▸ **Collected data**
§ §

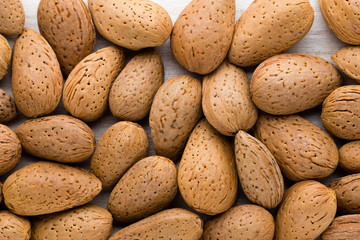 Group of almond nuts with leaves.Wooden background.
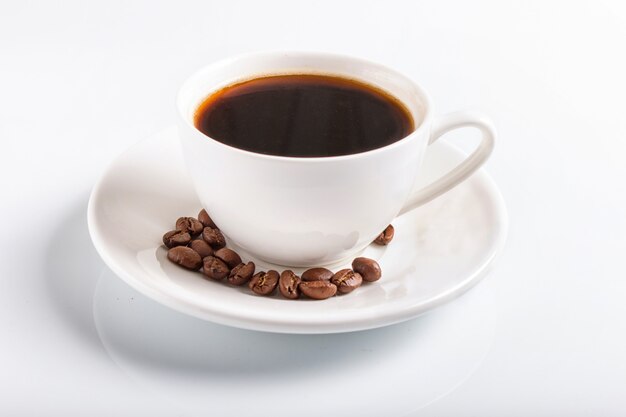 A cup of coffee with coffee beans on a plate, isolated on white.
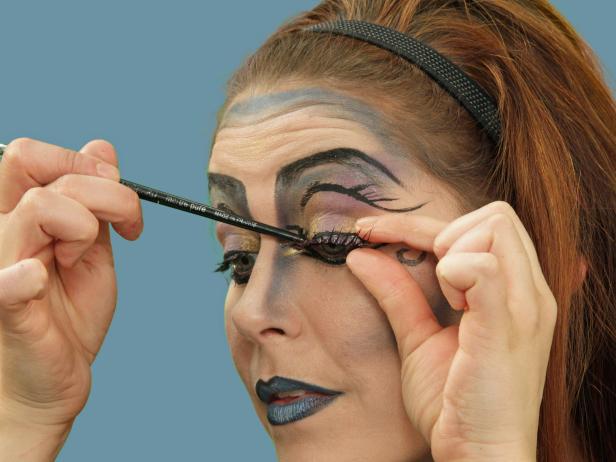 Finish the look with false eyelashes. With eyelash glue, attach the false lashes to the top lash line.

§ §

▸ **Exercise requirements**
An exact copy of all the data above is required; omit any pictures.

▸ **Response to this task**
 Group of almond nuts with leaves.Wooden background.
 A cup of coffee with coffee beans on a plate, isolated on white.
 Finish the look with false eyelashes. With eyelash glue, attach the false lashes to the top lash line.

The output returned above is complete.